“说起伤心,纯妃这一闹有些日子了,难得皇上如此硬气,竟真不去看一眼。”华嬷嬷叹息,“万一出了什么事,如何是好。”
九州清晏中,又有太医来为纯妃诊脉,她心气郁结又着了凉,虽非大症候,可若一直不见好,再好的身子骨也要折腾坏了。可韶景轩除了吴总管隔天来问候请安,皇帝不曾来看过一眼,便是吴总管来,每回说的话都一样,字字句句都是敷衍的味道。纯妃是何等心思细腻的人,如此更叫她伤心。

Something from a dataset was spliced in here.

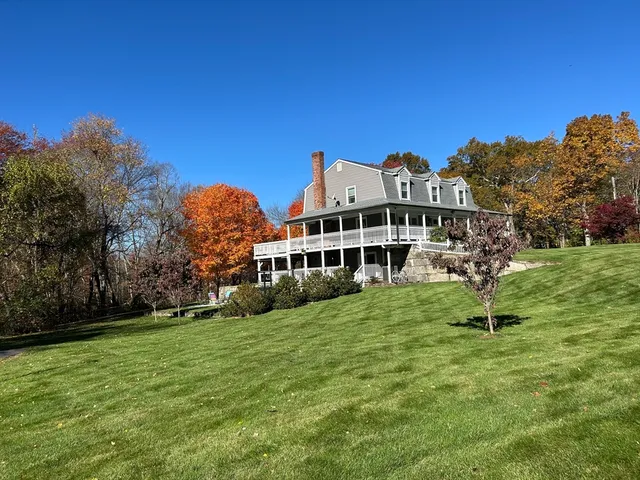 $849,000 | 51 Albee Road, Uxbridge, MA 01569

若是从前拌个嘴,皇帝气恼了惩罚她,也是三两日就好了的,这一回拖了这么久,自己都病了也不见人家回头,纯妃心里一层层凉下去。她明白昔日的情分已经淡了甚至不在了,必然是他心中另有别人代替了自己,又或者他一直以来都不是真情,不过是把自己当玩物,如今厌烦了自然随手可弃。
可纯妃心里只有弘历一个人,不知道其他女人如何看待帝王的存在,在她心里一直是丈夫,是此生爱慕的唯一的男人。也正是如此,她才不甘心才放不下,甚至对抱琴说:“我若就这样去了,他就一辈子都忘不掉了。”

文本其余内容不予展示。